But what was Hughes’ own Paris like? It was “only just not German”, he says. Hughes depicts himself as having been keenly aware of the recent war and all that had gone on in Paris – the reality of it was too present for him to ignore and feel nostalgic for the interwar jazz age. For Hughes, this was the city of “Occupation and old nightmare”, and the bullet scars in the Quai stonework gave him an “eerie familiar feeling”. I wonder whether Hughes (with the dye of hindsight inevitably colouring his memory) is relating to the suffering of Paris here – to the idea of Occupation. Perhaps he feels a connection to this city since the ghost of Plath has ‘occupied’ him – possessed him even – as is evident from this collection of more than eighty poems addressed to her over thirty years after her death.

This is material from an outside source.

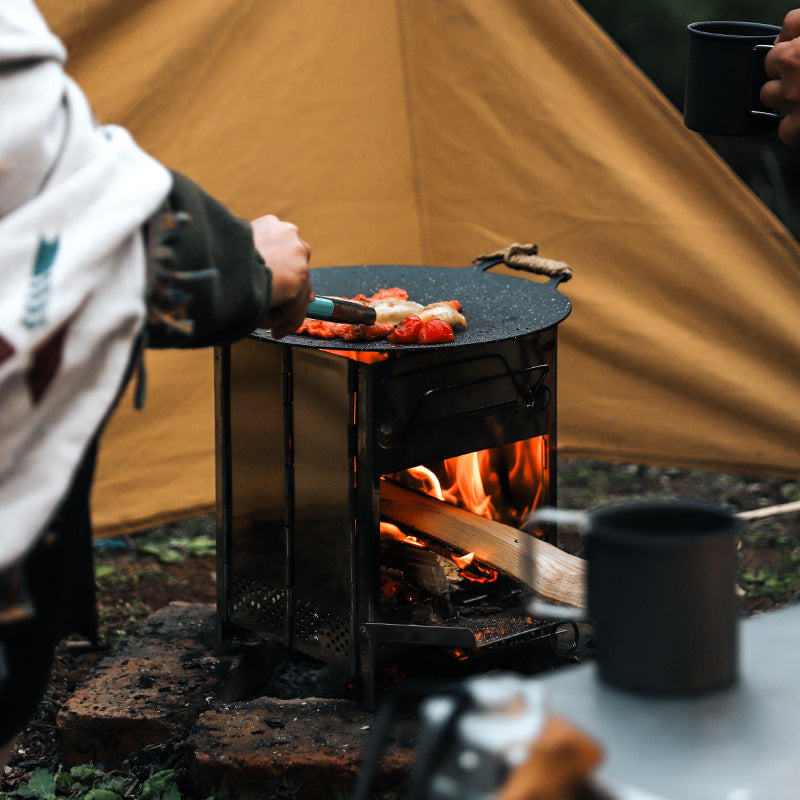 Sayohat uchun portativ zanglamaydigan po'latdan yasalgan barbekyu grill, kichik pech va griddle bilan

Hughes is not interested in Plath’s Paris: “I was not much ravished by the view of the roofs./ My Paris was a post-war utility survivor,/ The stink of fear still hanging in the wardrobes.” He is full of “the Camps”, “the Maquis” and the “Mass grave of Verdun”, but for Plath (he remembers) all that was just “the anecdotal aesthetic touch/ On Picasso’s portrait/ Of Apollinaire”. It is made clear that Plath is hiding from something – from her own reaction to this history of violence, and perhaps from the notion of shame too. The shame of the collaborateurs perhaps drew too keen a comparison to Plath’s own ‘occupation’ by the memory of her father and the wound of his death (his towering ghost was ever-present in her poetry, most memorably in the masterfully controlled detonation that was Daddy but was never, it would seem, entirely exorcised).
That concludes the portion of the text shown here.